Cantinflas habría amado Atotonilco. Le habría dedicado una película completa. Un pueblo donde un día hay circo literalmente atrás de la presidencia… y al siguiente otro dentro del Cabildo. La diferencia es que aquí los cirqueros sí cobran dieta y además llegaron en planilla guinda.
Porque en Atotonilco últimamente todo parece reducirse a una sola obligación ciudadana: aplaudir.
Aplaudir las obras aunque no haya agua.
Aplaudir las casas aunque el sistema hídrico lleve años rebasado.
Aplaudir eventos, lonas, caravanas e inauguraciones porque vienen elecciones para gobernador y nadie quiere romperle el ritmo al aplausómetro oficial.
Y claro, también hay que aplaudir la campaña disfrazada de gestión institucional junto al secretario de Planeación.
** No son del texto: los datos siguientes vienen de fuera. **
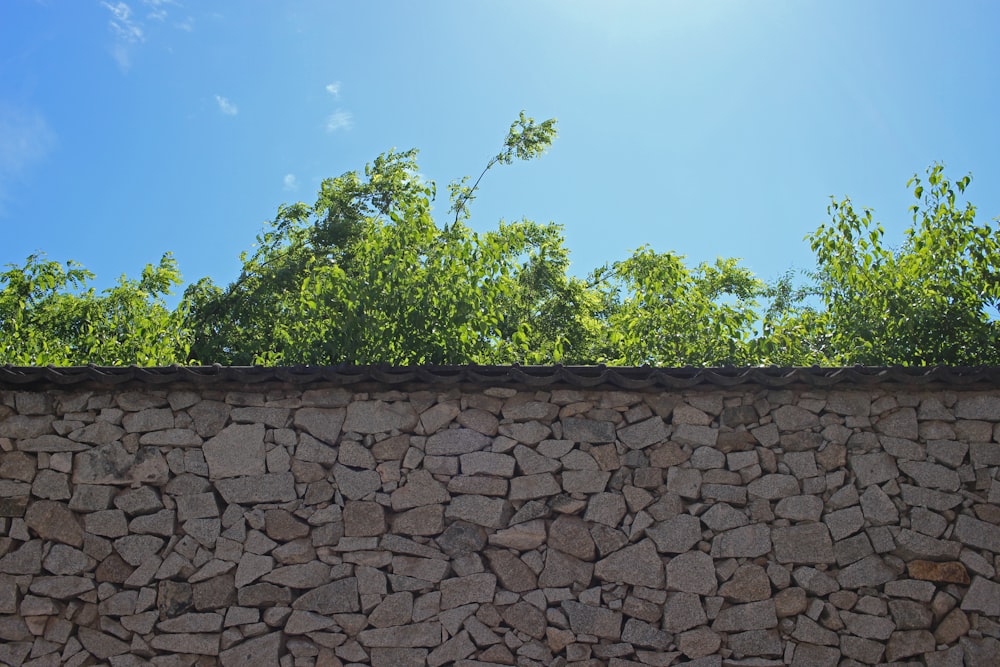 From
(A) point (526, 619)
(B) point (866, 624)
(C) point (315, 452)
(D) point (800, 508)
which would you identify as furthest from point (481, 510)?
(B) point (866, 624)

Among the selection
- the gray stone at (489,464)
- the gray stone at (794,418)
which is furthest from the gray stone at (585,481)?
the gray stone at (794,418)

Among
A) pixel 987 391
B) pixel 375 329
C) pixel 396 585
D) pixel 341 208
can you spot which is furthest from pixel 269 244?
pixel 987 391

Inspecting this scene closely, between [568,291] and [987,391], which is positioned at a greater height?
[568,291]

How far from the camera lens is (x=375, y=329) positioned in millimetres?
6266

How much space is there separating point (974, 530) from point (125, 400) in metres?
4.80

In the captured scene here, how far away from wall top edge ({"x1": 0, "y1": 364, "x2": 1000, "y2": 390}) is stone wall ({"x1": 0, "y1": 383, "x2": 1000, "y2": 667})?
15 cm

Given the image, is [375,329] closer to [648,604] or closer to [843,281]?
[648,604]

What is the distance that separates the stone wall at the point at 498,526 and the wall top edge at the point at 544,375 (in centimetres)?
15

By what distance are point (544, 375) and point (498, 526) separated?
0.86m

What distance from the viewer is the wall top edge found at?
4.62m

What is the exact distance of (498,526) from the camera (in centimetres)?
468

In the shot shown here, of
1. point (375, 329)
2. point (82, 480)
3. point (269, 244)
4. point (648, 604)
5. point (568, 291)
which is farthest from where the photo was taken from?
point (269, 244)

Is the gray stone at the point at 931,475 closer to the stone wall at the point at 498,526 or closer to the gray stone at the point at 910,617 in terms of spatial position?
the stone wall at the point at 498,526

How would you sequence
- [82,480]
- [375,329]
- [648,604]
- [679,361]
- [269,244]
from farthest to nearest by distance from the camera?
[269,244], [679,361], [375,329], [82,480], [648,604]
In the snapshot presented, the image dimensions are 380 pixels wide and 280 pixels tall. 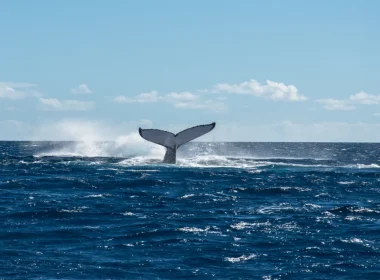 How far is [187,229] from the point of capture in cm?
1742

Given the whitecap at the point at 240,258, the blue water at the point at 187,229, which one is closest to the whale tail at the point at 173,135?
the blue water at the point at 187,229

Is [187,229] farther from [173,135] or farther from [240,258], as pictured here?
[173,135]

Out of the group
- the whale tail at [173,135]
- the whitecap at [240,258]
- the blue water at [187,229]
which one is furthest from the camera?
the whale tail at [173,135]

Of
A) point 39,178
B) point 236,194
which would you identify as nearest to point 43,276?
point 236,194

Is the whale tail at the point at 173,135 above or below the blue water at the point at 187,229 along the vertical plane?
above

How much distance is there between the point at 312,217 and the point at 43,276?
32.4ft

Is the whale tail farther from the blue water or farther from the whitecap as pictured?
the whitecap

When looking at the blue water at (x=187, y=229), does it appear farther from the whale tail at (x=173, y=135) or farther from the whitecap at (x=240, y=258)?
the whale tail at (x=173, y=135)

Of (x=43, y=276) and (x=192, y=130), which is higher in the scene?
(x=192, y=130)

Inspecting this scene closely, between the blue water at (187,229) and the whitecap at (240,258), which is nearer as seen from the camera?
the blue water at (187,229)

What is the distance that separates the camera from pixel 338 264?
13656mm

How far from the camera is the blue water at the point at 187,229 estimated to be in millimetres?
13156

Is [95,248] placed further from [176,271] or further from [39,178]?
[39,178]

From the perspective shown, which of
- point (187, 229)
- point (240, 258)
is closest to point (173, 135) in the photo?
point (187, 229)
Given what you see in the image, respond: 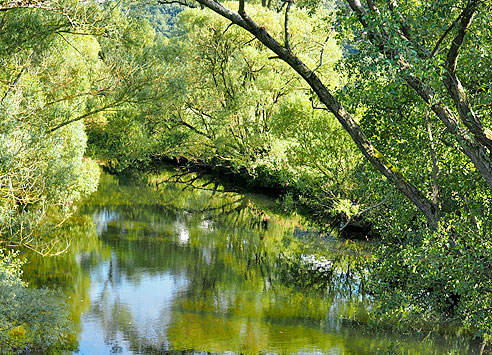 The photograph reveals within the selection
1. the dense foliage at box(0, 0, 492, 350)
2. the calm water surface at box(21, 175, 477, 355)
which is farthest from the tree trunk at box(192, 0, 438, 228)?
the calm water surface at box(21, 175, 477, 355)

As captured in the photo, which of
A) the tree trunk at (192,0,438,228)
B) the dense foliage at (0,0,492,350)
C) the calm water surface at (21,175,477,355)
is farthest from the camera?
the calm water surface at (21,175,477,355)

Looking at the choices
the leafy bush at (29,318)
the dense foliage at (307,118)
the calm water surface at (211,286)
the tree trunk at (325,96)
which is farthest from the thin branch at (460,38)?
the leafy bush at (29,318)

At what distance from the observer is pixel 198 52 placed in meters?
30.4

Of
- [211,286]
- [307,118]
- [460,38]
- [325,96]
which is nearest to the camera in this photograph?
[460,38]

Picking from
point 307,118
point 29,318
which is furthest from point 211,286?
point 307,118

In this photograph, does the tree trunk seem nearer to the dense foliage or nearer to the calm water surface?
the dense foliage

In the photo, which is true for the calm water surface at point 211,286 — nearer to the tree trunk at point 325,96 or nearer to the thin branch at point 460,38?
the tree trunk at point 325,96

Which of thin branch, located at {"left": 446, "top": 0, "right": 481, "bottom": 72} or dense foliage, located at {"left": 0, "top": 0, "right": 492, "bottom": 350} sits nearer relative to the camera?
thin branch, located at {"left": 446, "top": 0, "right": 481, "bottom": 72}

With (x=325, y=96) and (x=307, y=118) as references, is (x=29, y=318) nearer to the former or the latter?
(x=325, y=96)

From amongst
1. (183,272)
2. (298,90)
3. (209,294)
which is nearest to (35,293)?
(209,294)

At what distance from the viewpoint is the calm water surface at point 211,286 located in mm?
11453

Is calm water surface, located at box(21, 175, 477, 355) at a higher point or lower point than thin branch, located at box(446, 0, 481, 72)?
lower

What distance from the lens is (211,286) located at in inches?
591

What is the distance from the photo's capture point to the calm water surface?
1145 centimetres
Que si el mercado, que si la unidad deportiva, que si “ahora sí viene lo bueno”. Sea cual sea el regalo político, probablemente estará mal planeado… pero bien recibido. Porque en México el “peor es nada” ya casi funciona como doctrina de gobierno.
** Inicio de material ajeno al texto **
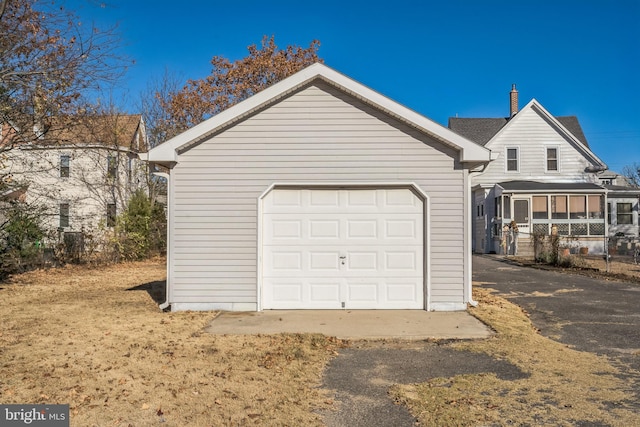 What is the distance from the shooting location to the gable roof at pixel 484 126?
101 ft

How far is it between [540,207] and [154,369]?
23.2 m

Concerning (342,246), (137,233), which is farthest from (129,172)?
(342,246)

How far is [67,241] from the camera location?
62.3ft

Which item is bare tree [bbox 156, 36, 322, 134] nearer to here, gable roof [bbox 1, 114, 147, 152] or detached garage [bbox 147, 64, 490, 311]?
gable roof [bbox 1, 114, 147, 152]

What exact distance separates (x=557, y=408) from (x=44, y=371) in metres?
5.43

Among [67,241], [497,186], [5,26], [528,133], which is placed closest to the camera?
[5,26]

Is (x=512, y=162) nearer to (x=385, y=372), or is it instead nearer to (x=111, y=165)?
(x=111, y=165)

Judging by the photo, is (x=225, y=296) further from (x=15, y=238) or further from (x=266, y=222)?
(x=15, y=238)

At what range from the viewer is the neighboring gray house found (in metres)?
24.9

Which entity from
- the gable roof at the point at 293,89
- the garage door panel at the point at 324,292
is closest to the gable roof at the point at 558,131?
the gable roof at the point at 293,89

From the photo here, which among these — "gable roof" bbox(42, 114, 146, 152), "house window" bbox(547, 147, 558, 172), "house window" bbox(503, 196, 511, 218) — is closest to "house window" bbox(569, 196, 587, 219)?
"house window" bbox(503, 196, 511, 218)

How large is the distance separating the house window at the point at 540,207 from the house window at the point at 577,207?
44.6 inches

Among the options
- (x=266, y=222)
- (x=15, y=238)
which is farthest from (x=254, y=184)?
(x=15, y=238)

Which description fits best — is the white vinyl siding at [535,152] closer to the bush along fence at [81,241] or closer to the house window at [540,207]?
the house window at [540,207] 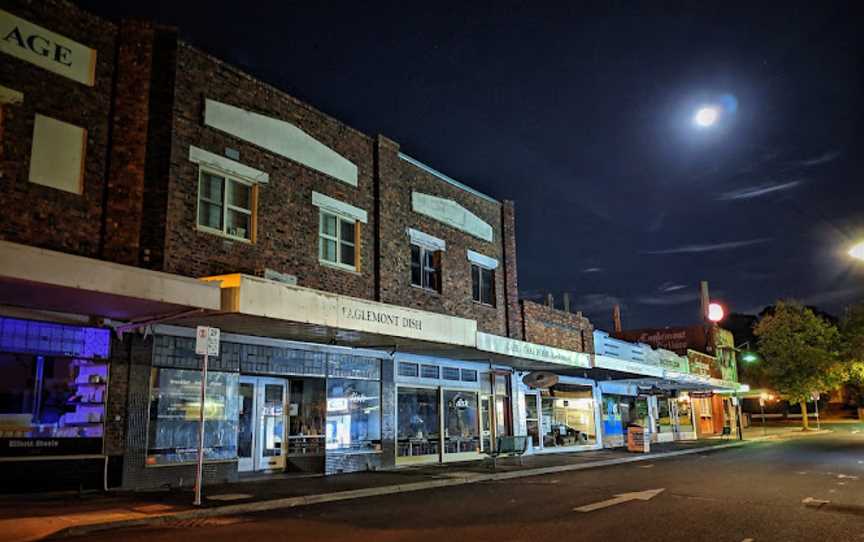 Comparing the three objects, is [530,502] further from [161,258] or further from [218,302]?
[161,258]

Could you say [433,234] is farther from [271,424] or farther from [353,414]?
[271,424]

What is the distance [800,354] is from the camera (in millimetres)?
51594

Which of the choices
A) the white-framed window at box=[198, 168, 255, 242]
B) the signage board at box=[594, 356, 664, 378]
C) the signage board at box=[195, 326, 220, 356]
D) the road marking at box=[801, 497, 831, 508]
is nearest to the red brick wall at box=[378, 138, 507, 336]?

Mientras tanto, la realidad sigue ahí, necia.
Más viviendas, sí… pero abres la llave y no sale agua.
Eso no aparece en los renders ni en las publicaciones oficiales porque aceptar que el sistema hídrico está rebasado no luce bien en Facebook.
Después vendrán los tandeos, las pipas, las quejas y los bloqueos. Pero para entonces la foto de inauguración ya estuvo lista y todos gritarán que “es un honor estar con Claudia”, aunque muchos ni sepan quién gobierna realmente su presidencia municipal.
Y en medio de todo aparece Fernanda.
Acepta haberse estacionado mal. Perfecto. Que exista sanción. Nadie discute eso.
Lo absurdo es la dimensión del castigo: más de diez mil pesos por una infracción vial en un municipio donde el caos urbano sigue intacto.
Y peor aún: el contexto político.
Porque Fernanda es comerciante. Su familia genera economía. Son ciudadanos como muchos otros. Su verdadero pecado parece ser no aplaudirle todo al Ejecutivo municipal.
Y en pueblos chicos todos entienden el mensaje cuando la ley cae con más fuerza sobre quien incomoda.
Seamos sinceros: si fuera cercana al grupo político en el poder, probablemente todo terminaba en una advertencia amistosa y no en una multa redactada con resentimiento administrativo.
Ahí es donde el problema deja de ser vial y empieza a parecer autoritarismo de bolsillo.
Maquiavelo decía que “el poder se sostiene más por la percepción que por la fuerza”. Y en Atotonilco pareciera que la percepción que quieren construir es simple: aquí se aplaude… o se paga.
El problema no es solo una multa.
Ni el agua.
Ni las casas.
El problema es acostumbrarnos a normalizar el absurdo mientras el pueblo se seca y el Cabildo sigue funcionando como espectáculo de temporada, donde aunque exista oposición, los votos nunca alcanzan para superar a quienes obedecen órdenes del líder supremo en turno.
Y quizá eso sea lo más peligroso de todo,
que ya nos acostumbramos tanto al circo… que hasta defendemos a los payasos.